Dataset:
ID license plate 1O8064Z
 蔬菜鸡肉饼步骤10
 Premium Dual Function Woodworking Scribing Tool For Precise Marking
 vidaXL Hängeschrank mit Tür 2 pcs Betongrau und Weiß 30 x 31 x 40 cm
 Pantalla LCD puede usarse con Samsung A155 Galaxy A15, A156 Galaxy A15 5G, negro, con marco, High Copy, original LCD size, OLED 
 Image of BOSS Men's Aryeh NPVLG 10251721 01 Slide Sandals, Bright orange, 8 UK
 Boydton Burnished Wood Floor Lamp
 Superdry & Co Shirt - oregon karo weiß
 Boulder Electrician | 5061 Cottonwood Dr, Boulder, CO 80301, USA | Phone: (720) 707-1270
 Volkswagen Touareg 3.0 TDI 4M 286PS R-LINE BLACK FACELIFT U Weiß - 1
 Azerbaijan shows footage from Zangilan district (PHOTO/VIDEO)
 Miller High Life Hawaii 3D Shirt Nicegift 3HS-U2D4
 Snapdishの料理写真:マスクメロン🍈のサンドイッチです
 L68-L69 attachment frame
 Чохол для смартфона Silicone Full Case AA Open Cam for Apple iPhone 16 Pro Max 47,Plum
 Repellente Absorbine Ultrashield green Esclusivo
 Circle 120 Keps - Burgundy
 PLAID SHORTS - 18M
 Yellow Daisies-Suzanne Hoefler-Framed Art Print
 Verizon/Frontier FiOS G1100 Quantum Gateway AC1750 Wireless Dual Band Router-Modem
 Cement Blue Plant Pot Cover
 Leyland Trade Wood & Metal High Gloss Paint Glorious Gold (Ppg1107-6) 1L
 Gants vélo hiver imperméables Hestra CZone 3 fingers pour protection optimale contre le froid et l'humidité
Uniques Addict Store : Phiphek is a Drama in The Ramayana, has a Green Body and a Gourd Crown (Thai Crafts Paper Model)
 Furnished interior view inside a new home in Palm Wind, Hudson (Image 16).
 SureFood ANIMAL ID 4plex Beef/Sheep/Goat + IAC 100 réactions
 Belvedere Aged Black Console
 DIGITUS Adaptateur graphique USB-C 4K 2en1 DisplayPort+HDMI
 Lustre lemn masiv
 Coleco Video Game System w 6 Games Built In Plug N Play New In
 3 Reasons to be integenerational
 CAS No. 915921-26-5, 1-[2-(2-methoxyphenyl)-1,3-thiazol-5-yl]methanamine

Exercise details: Every line of the material above that has the string "Shirt" needs pulling out.

Reply to the exercise:
 Superdry & Co Shirt - oregon karo weiß
 Miller High Life Hawaii 3D Shirt Nicegift 3HS-U2D4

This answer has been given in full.